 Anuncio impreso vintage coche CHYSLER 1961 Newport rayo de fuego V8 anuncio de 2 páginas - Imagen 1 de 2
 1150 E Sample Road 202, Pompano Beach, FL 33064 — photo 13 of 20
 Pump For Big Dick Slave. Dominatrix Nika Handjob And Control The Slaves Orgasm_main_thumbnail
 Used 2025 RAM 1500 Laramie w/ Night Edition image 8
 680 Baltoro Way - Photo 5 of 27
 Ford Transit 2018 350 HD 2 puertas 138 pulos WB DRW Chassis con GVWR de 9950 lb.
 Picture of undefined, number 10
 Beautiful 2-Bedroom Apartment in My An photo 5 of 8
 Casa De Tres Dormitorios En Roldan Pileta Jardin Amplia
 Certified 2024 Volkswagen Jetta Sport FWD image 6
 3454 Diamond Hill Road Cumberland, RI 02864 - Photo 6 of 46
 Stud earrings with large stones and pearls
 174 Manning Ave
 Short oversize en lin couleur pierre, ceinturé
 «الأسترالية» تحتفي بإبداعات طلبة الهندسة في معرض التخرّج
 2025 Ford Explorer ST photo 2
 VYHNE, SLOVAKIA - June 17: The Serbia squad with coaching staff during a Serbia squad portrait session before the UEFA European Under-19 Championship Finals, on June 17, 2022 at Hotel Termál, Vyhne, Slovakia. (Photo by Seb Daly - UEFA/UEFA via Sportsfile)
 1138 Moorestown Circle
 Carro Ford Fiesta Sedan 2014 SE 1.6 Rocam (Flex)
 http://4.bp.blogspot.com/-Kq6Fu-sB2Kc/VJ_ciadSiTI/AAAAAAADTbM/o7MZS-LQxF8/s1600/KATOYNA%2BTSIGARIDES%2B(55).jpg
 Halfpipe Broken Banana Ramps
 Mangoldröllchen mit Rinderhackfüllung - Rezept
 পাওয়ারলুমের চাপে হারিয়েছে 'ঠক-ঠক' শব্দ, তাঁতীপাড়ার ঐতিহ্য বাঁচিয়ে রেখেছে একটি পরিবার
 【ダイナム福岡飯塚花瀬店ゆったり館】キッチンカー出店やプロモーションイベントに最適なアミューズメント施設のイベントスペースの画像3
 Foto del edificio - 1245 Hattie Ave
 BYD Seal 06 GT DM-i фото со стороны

→ **ASSIGNMENT**:
Could you reproduce exactly the lines of the entries above, from the one with "Beautiful 2-Bedroom Apartment" through the one with "Carro Ford Fiesta", and nothing else?

→ **EXERCISE OUTPUT**:
 Beautiful 2-Bedroom Apartment in My An photo 5 of 8
 Casa De Tres Dormitorios En Roldan Pileta Jardin Amplia
 Certified 2024 Volkswagen Jetta Sport FWD image 6
 3454 Diamond Hill Road Cumberland, RI 02864 - Photo 6 of 46
 Stud earrings with large stones and pearls
 174 Manning Ave
 Short oversize en lin couleur pierre, ceinturé
 «الأسترالية» تحتفي بإبداعات طلبة الهندسة في معرض التخرّج
 2025 Ford Explorer ST photo 2
 VYHNE, SLOVAKIA - June 17: The Serbia squad with coaching staff during a Serbia squad portrait session before the UEFA European Under-19 Championship Finals, on June 17, 2022 at Hotel Termál, Vyhne, Slovakia. (Photo by Seb Daly - UEFA/UEFA via Sportsfile)
 1138 Moorestown Circle
 Carro Ford Fiesta Sedan 2014 SE 1.6 Rocam (Flex)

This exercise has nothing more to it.